* _Records for the exercise_:
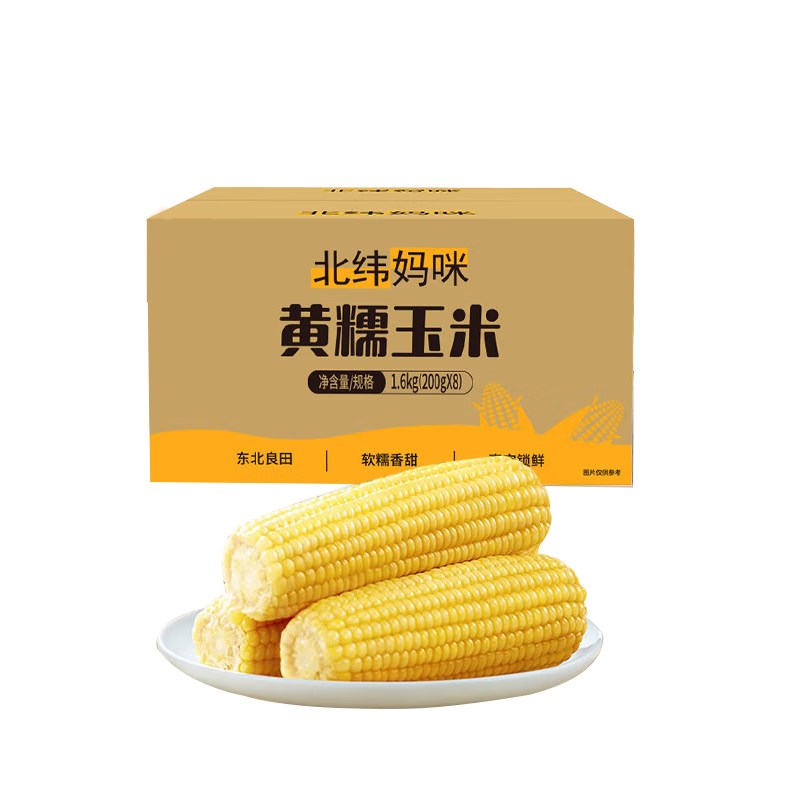 北纬妈咪 黄糯玉米 1.6kg 200g*8穗装 30.3元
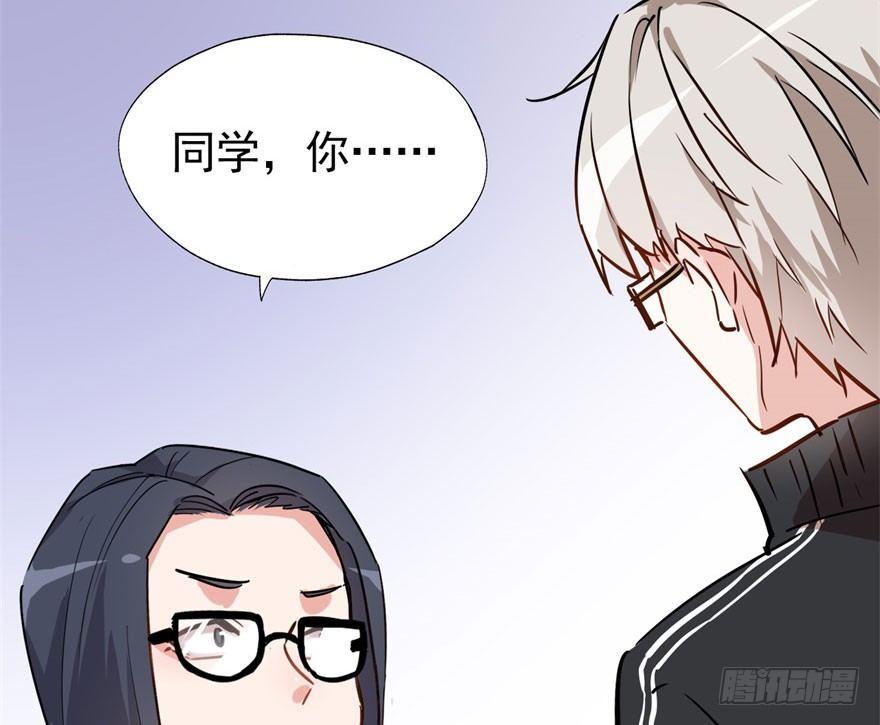 考试什么的才难不倒我53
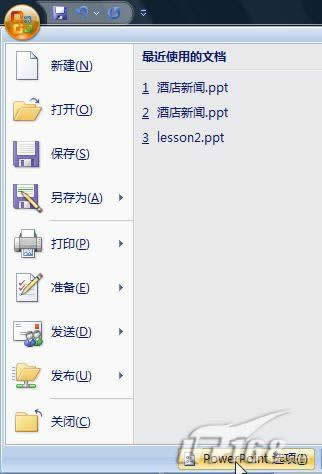 ʹPowerPoint2007ڻõƬвFlash Ľ̳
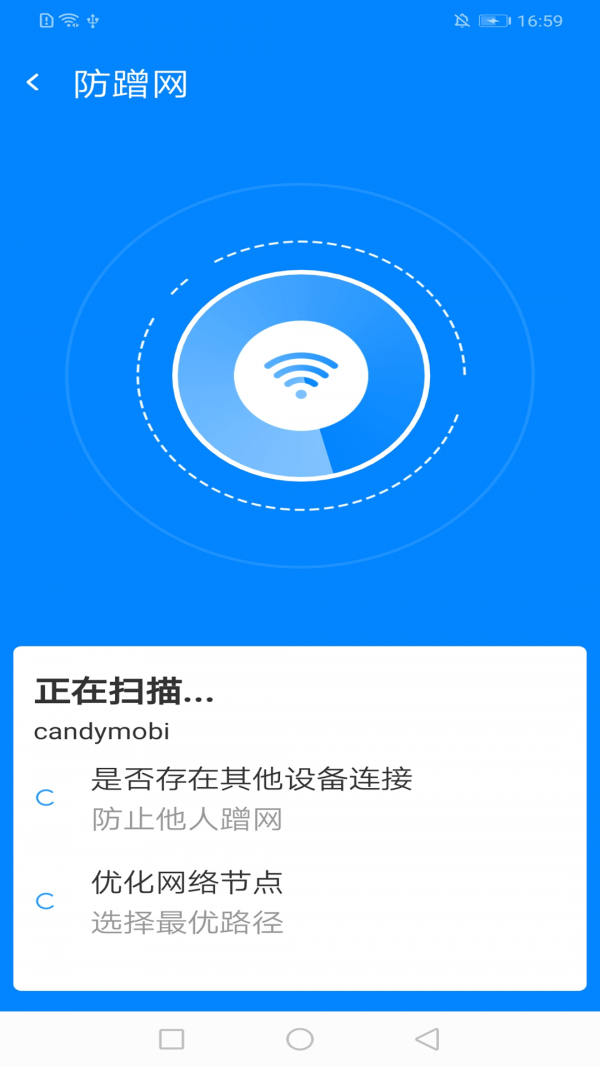 赤焰WiFi大字版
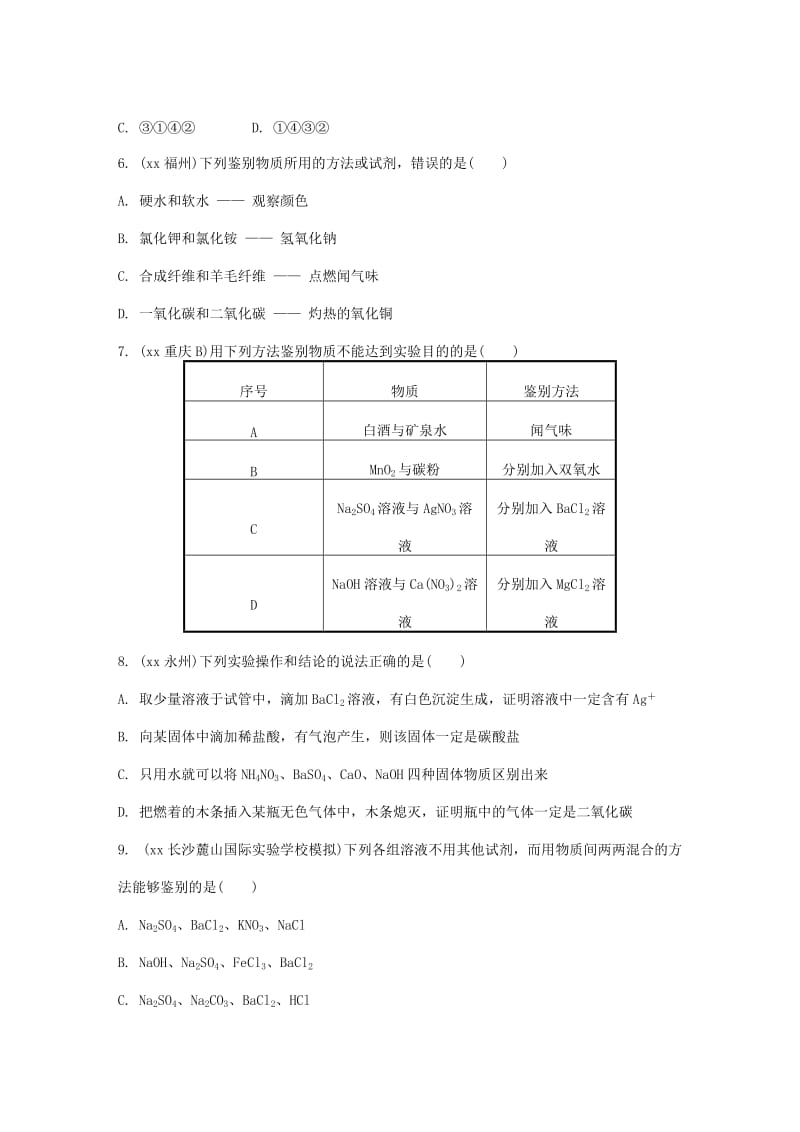 2019-2020年中考化学第二部分重点专题突破专题三物质的检验鉴别和共存专题集训8.doc_第2页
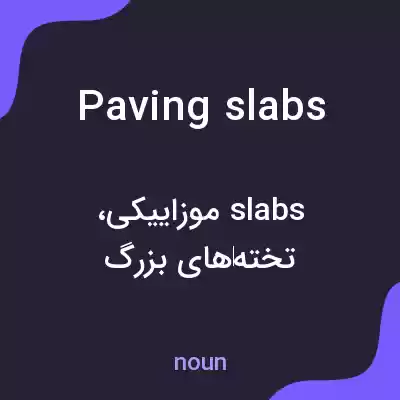معنی paving slabs به فارسی معنی paving slabs به فارسی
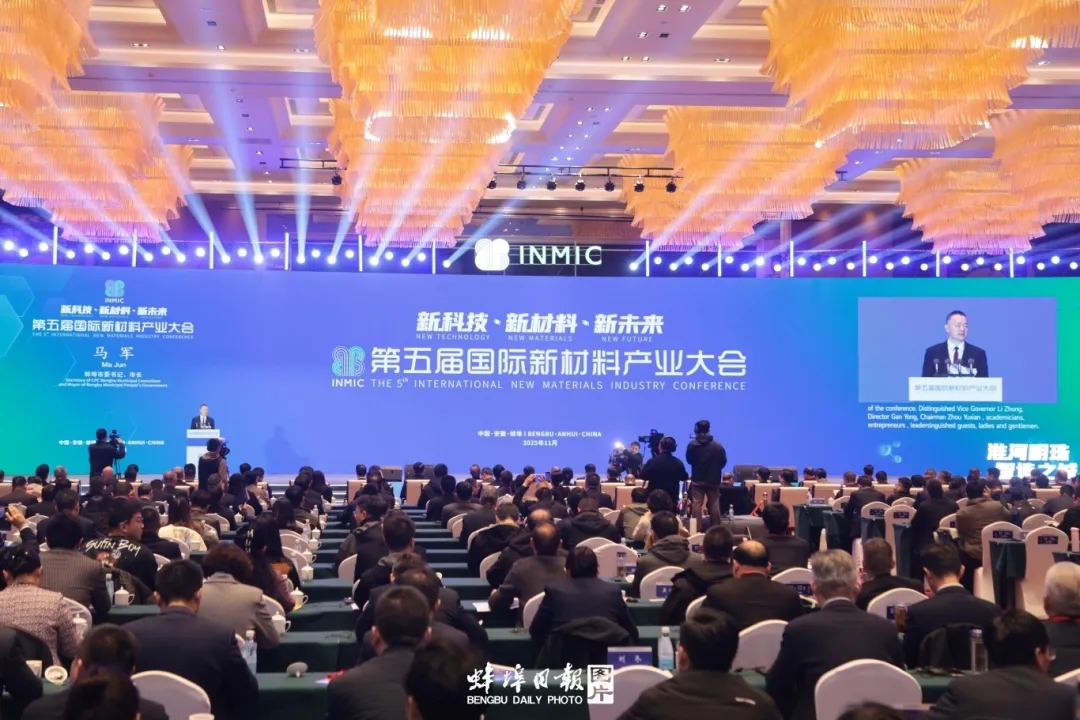 第五屆國際新材料產(chǎn)業(yè)大會在蚌埠開幕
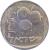 obverse of 5 Agorot (1960 - 1975) coin with KM# 25 from Israel. Inscription: إسرائيل ישראל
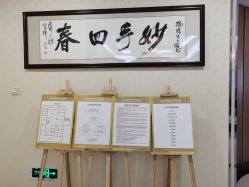 点击看大图 -希思特医疗美容医院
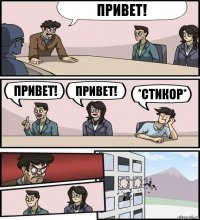 Привет! Привет! Привет! *СТИКОР*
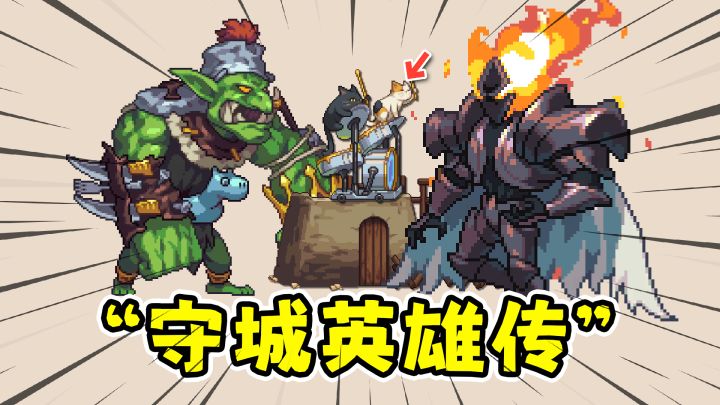 守城英雄传:策略塔防英雄养成,挂机刷宝抵挡怪潮!截图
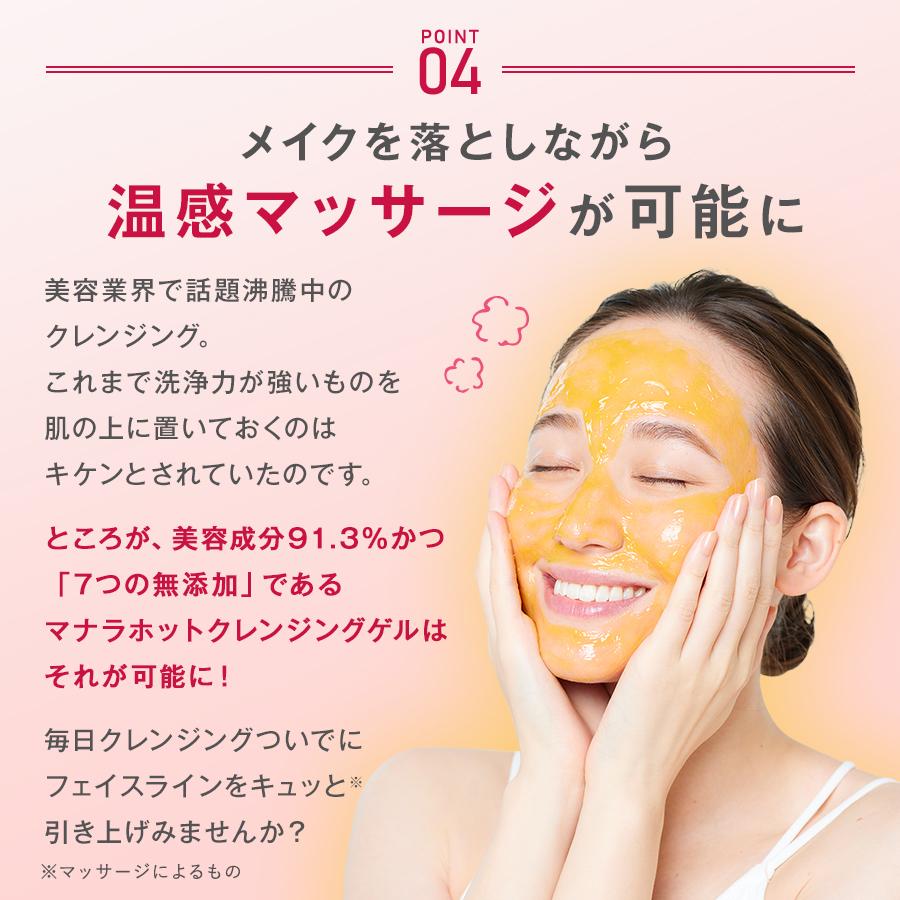 MANARA（マナラ） 公式 ホットクレンジングゲル 3本セット ジェル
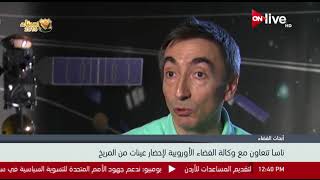 ناسا تتعاون مع وكالة الفضاء الأوروبية لإحضار عينات من المريخ ...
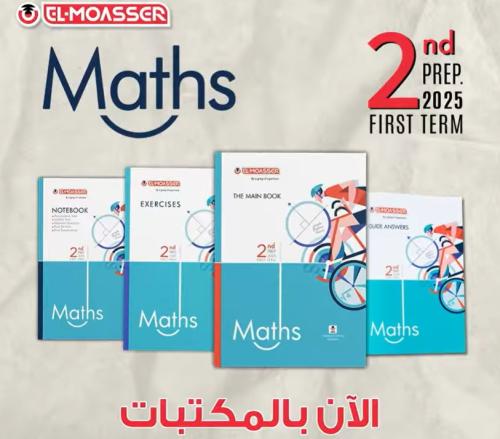 المعاصر ماث الثاني الإعدادي الفصل الأول 2025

* _What is being asked_: Each line above that falls between the line with "考试什么的才难不倒我53" and the line with "ناسا تتعاون مع" should be printed exactly, together with those two lines, but the pictures should not.

* _Problem solution_:
 考试什么的才难不倒我53
 ʹPowerPoint2007ڻõƬвFlash Ľ̳
 赤焰WiFi大字版
 2019-2020年中考化学第二部分重点专题突破专题三物质的检验鉴别和共存专题集训8.doc_第2页
معنی paving slabs به فارسی معنی paving slabs به فارسی
 第五屆國際新材料產(chǎn)業(yè)大會在蚌埠開幕
 obverse of 5 Agorot (1960 - 1975) coin with KM# 25 from Israel. Inscription: إسرائيل ישראל
 点击看大图 -希思特医疗美容医院
 Привет! Привет! Привет! *СТИКОР*
 守城英雄传:策略塔防英雄养成,挂机刷宝抵挡怪潮!截图
 MANARA（マナラ） 公式 ホットクレンジングゲル 3本セット ジェル
 ناسا تتعاون مع وكالة الفضاء الأوروبية لإحضار عينات من المريخ ...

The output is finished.